▸ TASK REQUIREMENTS
Without including any images, repeat the listing below exactly.
── DATA
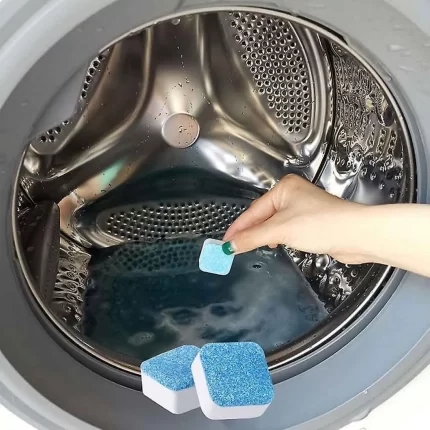 Washing Machine Cleaning
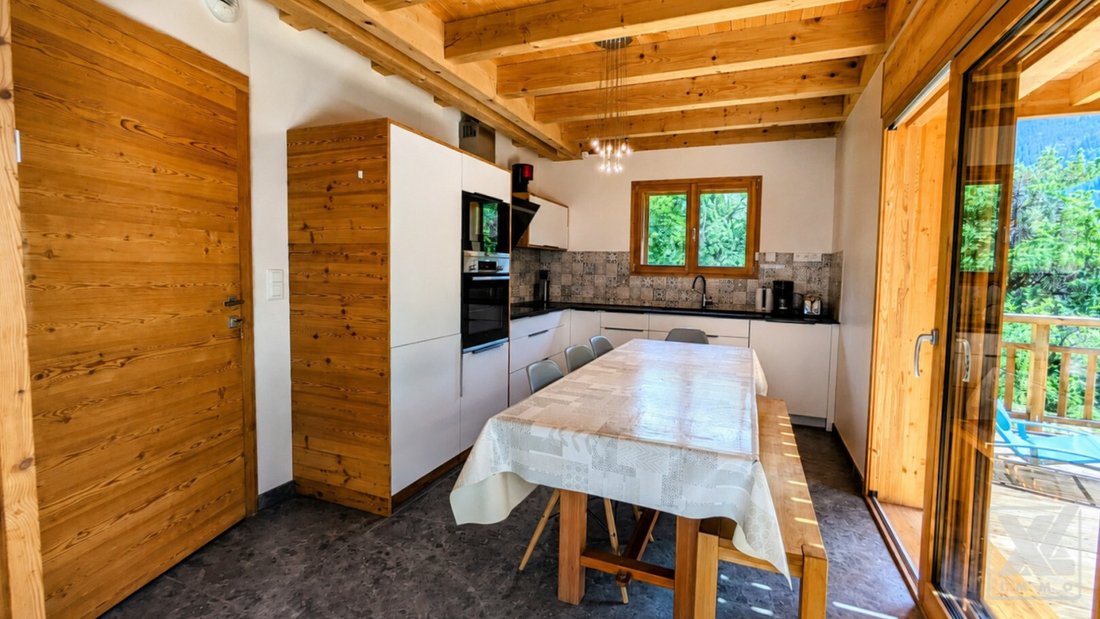 Casa a Vallouise, Vallouise-Pelvoux, Francia 5 - 18515361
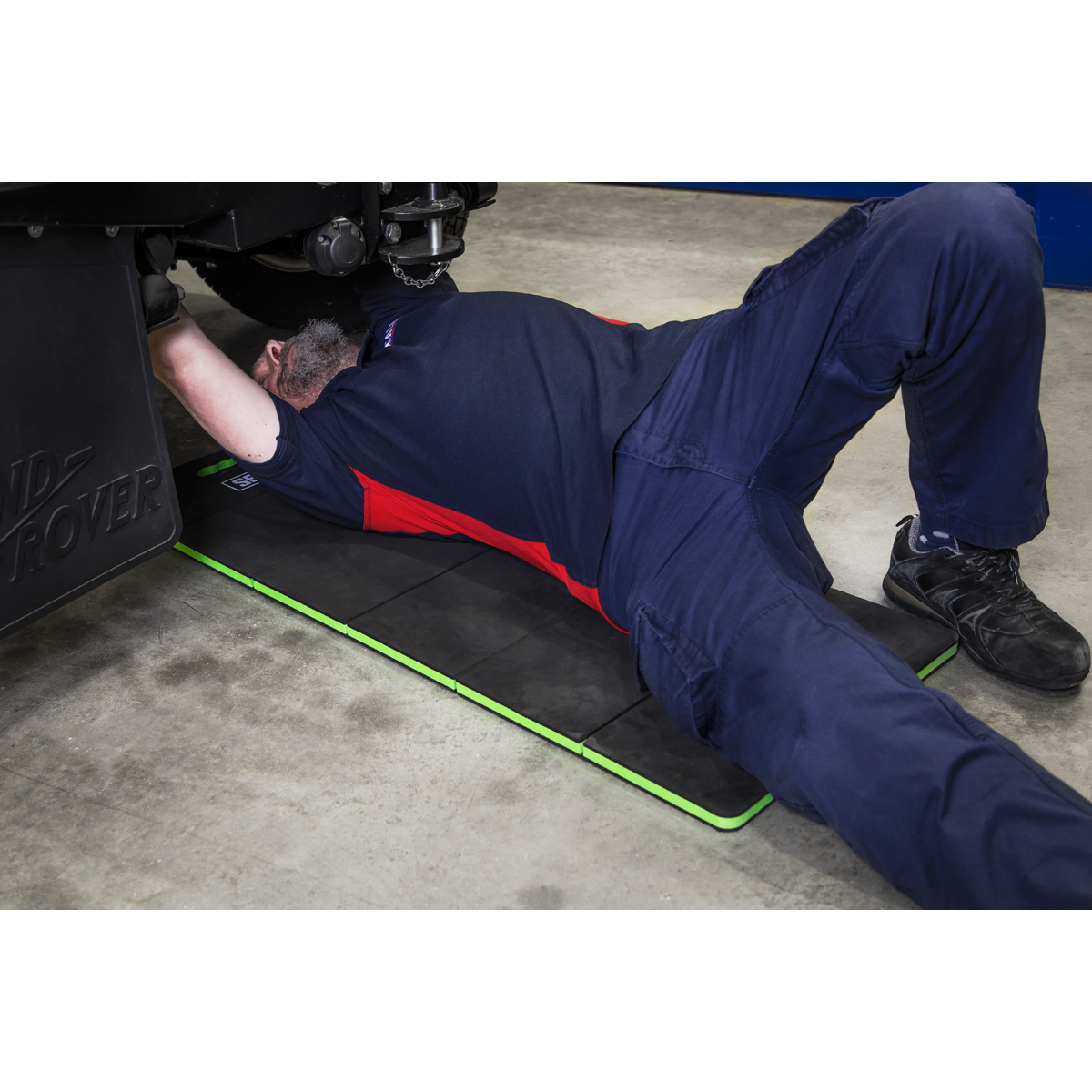 Folding Mechanic's Work Mat 23mm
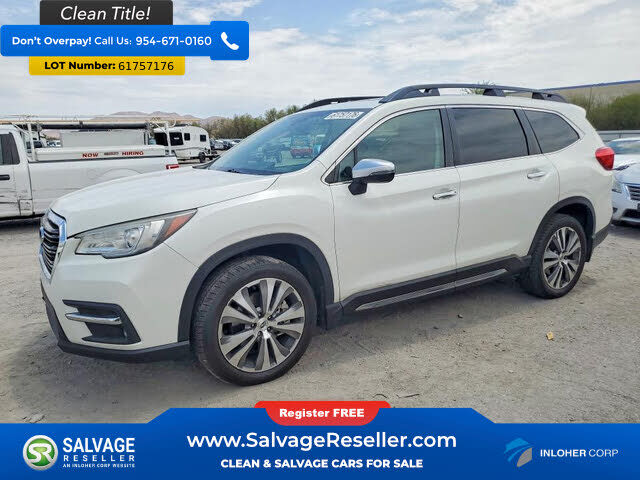 2020 SUBARU Ascent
────
▸ RESULT OF THIS TASK
 Washing Machine Cleaning
 Casa a Vallouise, Vallouise-Pelvoux, Francia 5 - 18515361
 Folding Mechanic's Work Mat 23mm
 2020 SUBARU Ascent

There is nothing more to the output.